-- Data provided --
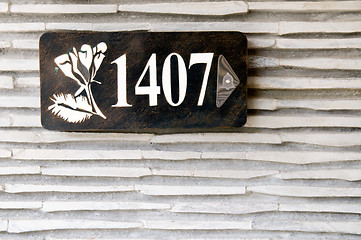 Image showing Hotel room number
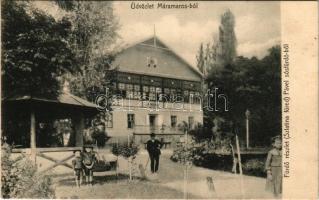 Szlatinafüred, Slatina (Aknaszlatina, Solotvyno; Máramaros); Pável sósfürdő, vendéglő, étterem, fürdő részlet. Kaufman Ábrahám és fiai kiadása (Máramarossziget) / spa, restaurant (fl)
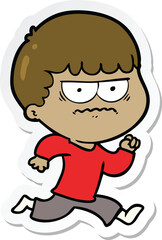 sticker of a cartoon angry man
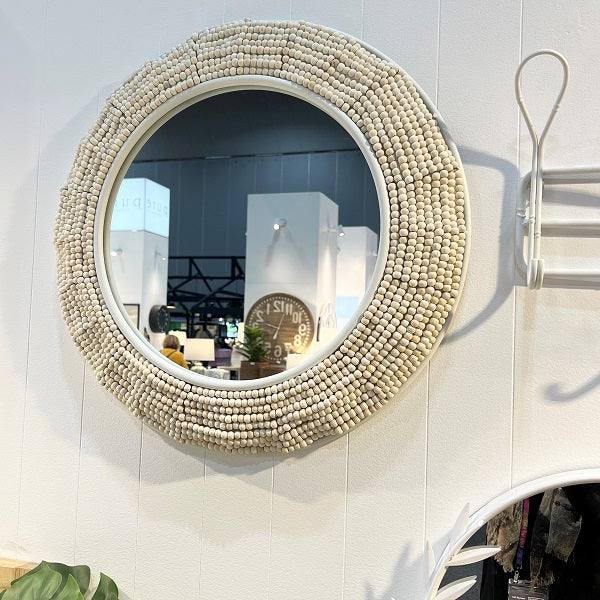 Areah Beaded Round Mirror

-- Exercise brief --
Return the listing above word for word, with the pictures removed.

-- Result of the exercise --
 Image showing Hotel room number
 Szlatinafüred, Slatina (Aknaszlatina, Solotvyno; Máramaros); Pável sósfürdő, vendéglő, étterem, fürdő részlet. Kaufman Ábrahám és fiai kiadása (Máramarossziget) / spa, restaurant (fl)
 sticker of a cartoon angry man
 Areah Beaded Round Mirror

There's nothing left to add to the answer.